Dynamic programming provides a road map at each point in time for optimal spending and asset allocation, which have been determined by first considering optimal future behavior stemming from today’s decisions.

Because the complexity of solving for what is optimal today based on how today’s decisions will affect what happens tomorrow (and tomorrow’s tomorrow, and so on), mathematical simplifications have been developed which basically involve working backward through time.

Optimal end of life decisions are determined, which then feed into making optimal decisions at each younger age.

Due to their mathematical complexity, dynamic programming methods are mostly discussed in the realm of academia and have not yet become a common part of the toolkit for individual retirees.

Gordon Irlam’s AACalc and Laurence Kotlikoff’s E$Planner are two software programs based on dynamic programming that are available for consumer use.

Gordon Irlam and Joseph Tomlinson’s 2014 article “Retirement Income Research: What Can We Learn from Economics?” tries to make dynamic programming methods more accessible to those outside of academia.

It is hard to generalize about the solutions for dynamic programming methods, but Irlam and Tomlinson provide an example based on a case study in their article. In terms of understanding their findings, we can think about dynamic programming as a different way to choose an evaluation criteria.

I have been discussing the choice of the PAY Rule™ and a visual comparison of the results as a way for individuals to decide on a retirement income strategy.

For dynamic programming, individuals would not make these decisions directly. Instead, a utility function would be determined, which provides a link to the satisfaction the individual derives from different amounts of spending and legacy.

This utility function would build in a degree of spending flexibility about how willing the individual is to spend more today with the tradeoff that this could require less spending in the future. Given the mathematics of this tradeoff, the remainder of the strategy will follow from the dynamic programming methodology about how much to spend each year and how to adjust asset allocation each year as circumstances evolve.

The results are meaningful to the extent that the mathematical function expressing the tradeoffs between spending certainty and the average level of spending—as well as between spending and legacy—adequately reflects the preferences of the individual using the model.

Irlam and Tomlinson build a case study for a conservative individual with $500,000 of financial assets, $20,000 of Social Security benefits, and no particular desire to leave a legacy.

They compare outcomes for the solution offered by the dynamic programming methodology to the outcomes for various decision rule and actuarial methods and asset allocation strategies.

For spending, they consider constant inflation-adjusted spending strategies, a fixed percentage strategy, and a strategy similar to the RMD rule spending.
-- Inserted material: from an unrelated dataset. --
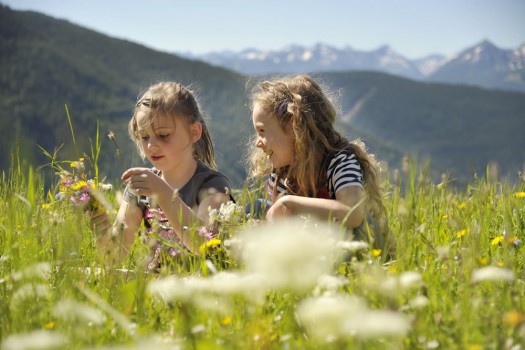 Kinder genießen die Natur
For asset allocation, they consider fixed allocation strategies, age in bonds, age minus 10 in bonds, and target date funds.
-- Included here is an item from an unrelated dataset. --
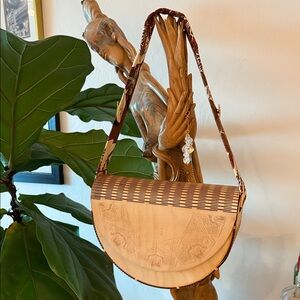 Handmade Wooden Shoulder Bag with Patterned Straps - Unique Piece ✨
Among the other strategies, they find that the closest match to their optimal dynamic programming solution is the RMD-styled strategy with a fixed 90% stock allocation. Next is a 6.8% fixed percentage strategy with a 90% stock allocation. In third is a constant inflation-adjusted spending strategy with a 60% stock allocation.

All of the other asset allocation strategies result in worse outcomes because they lack sufficient aggressiveness. It is interesting that the variable spending strategies are accompanied by higher stock allocations, the reason being that varying withdrawals provide a safety value for stock volatility.

With constant inflation-adjusted spending, a lower stock allocation to reduce volatility is the only avenue for alleviating sequence risk.

For readers who are interested in further exploring the mathematics of dynamic programming, Samuel Pittman, Yuan An Fan, and Steve Murray also provide a simplified example in their 2013 article, “Optimizing Retirement Income: An Adaptive Approach Based on Assets and Liabilities.”

In it, they use dynamic programming to create a retirement income strategy for a simplified world with three time periods and two investment outcomes.